Calculating the estimated allele frequency of the single-point variation f by using the thought of the mean square error

And true allele frequency (P'_i1，P′_i2) Error of (2) against copy number variation d_jThe m abnormal single point variations within find the sum of the allele frequency errors of all single point variations:

iterating all possible correction parameter sets according to the mean square error criterion to obtain the sum of the error S_VAFThe smallest parameter, i.e. the set of parameters (phi) sought₀₁，φ₀₂，φ₂₁，φ₂₂，φ₃₁，φ₃₂) The corresponding genotype is that of the single point variation i.

The above steps are performed for the T copy number variations in the copy number variation segment set D, so that the parameters and the corresponding genotypes of each single point variation in the abnormal single point variation set T can be obtained, and the read pair numbers of each single point variation in the T are corrected by using the obtained parameters, so that the corrected read pair numbers supporting normal and supported variations are obtained.

Further, after the read pair number correction is completed, the corrected single-point variant loci and variant loci in the normal region are mixed, and the read pair number (N) of all loci is determined₁，N₂N) calculating allele frequencies (P)₁，P₂) The purity of the polyclonal tumor samples, taking into account copy number variation, was estimated using established tumor purity estimation methods, EMpurity, by integrating data characteristics including read pair number and allele frequency.
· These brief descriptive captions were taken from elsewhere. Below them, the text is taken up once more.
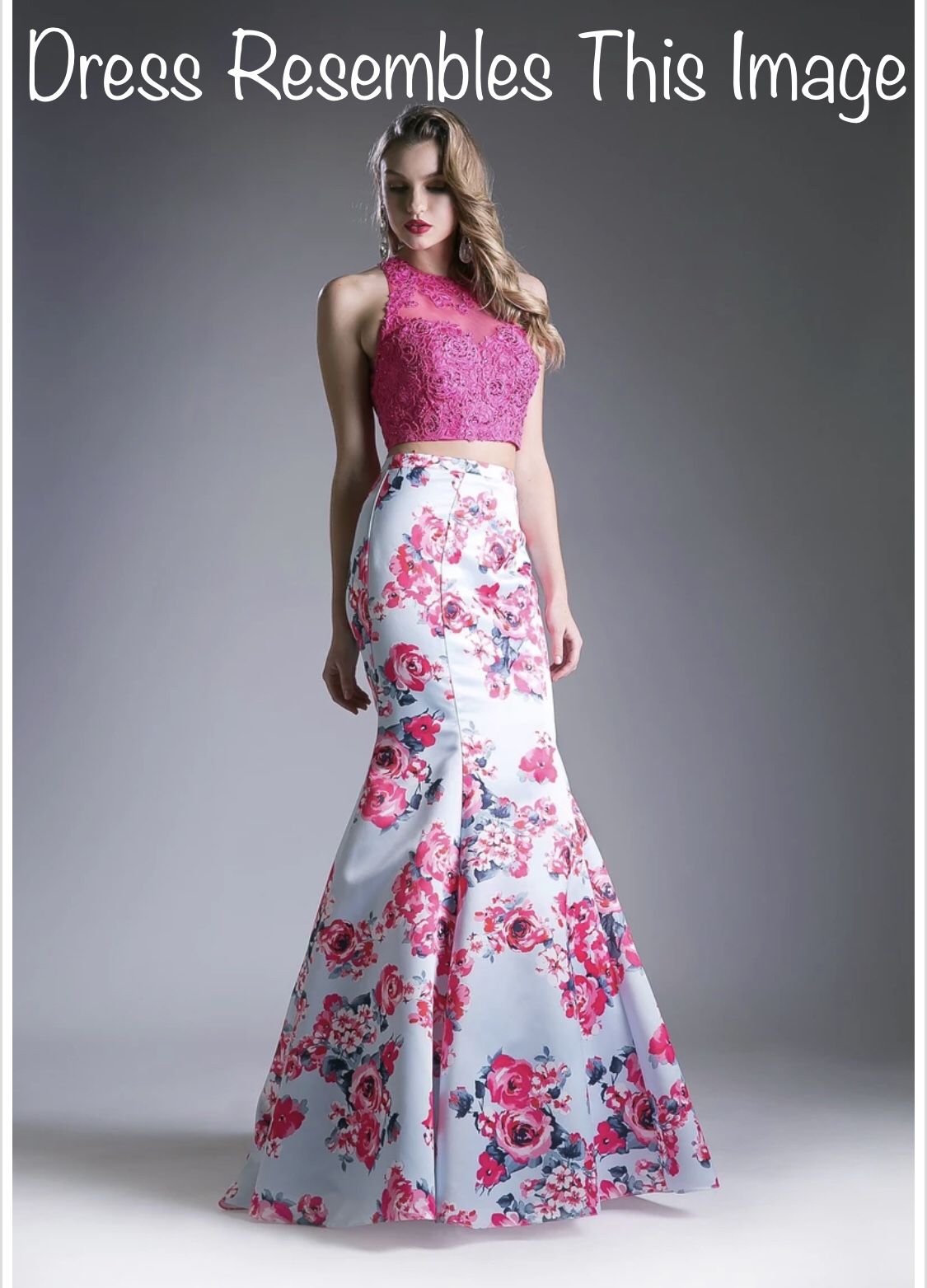 Pink Floral Two Piece Prom Dress NWT Size 1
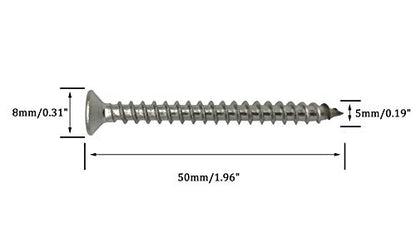 5 x 50mm Screw, Flat Head, Phillips Drive, Self Drilling, 304 Stainless Steel Drywall Wood Screws 50Pcs - size: 5 x 50mm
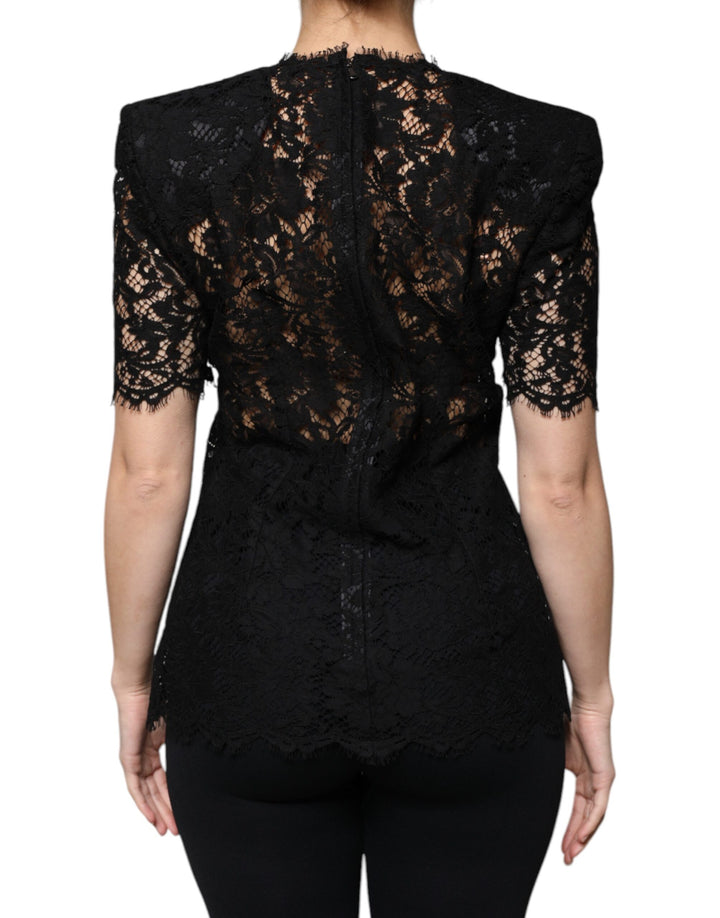 Dolce & Gabbana Black Floral Lace Short Sleeves Blouse Top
As an embodiment of the present invention, the specific process of estimating the purity of the tumor sample shown in fig. 5 includes:

and S100, preprocessing data. Obtaining variation information data, running an existing variation detection tool on tumor samples with different purities, and detecting copy number variation and single-point variation from the second-generation double-end sequencing data.

And S200, clustering normal single-point variation sites. And clustering normal single-point variation sites, and determining the average read logarithm of the single-point variation in the normal area.

In particular, the present invention uses a Gaussian Mixture Model (GMM) for clustering. Specifically, the obtained clustering result is that the single point variation of the tumor normal region is divided into four combined genotypes by clustering, and the four combined genotypes can be specifically clustered into four classes by a Gaussian mixture model.

Furthermore, a normal sample and the single point variation set obtained by detecting the tumor sample are contrasted to obtain a single point variation site set in a normal area of the tumor sample, and the characteristics of each single point variation site are extracted. And according to the obtained variation locus feature set, all the single-point variation loci in the normal region are clustered into four classes, and the average value of the single-point variation sample features in each class is respectively calculated according to the clustering result to obtain the average read logarithm of the single-point variation in the normal region of the four different combined genotype variation loci.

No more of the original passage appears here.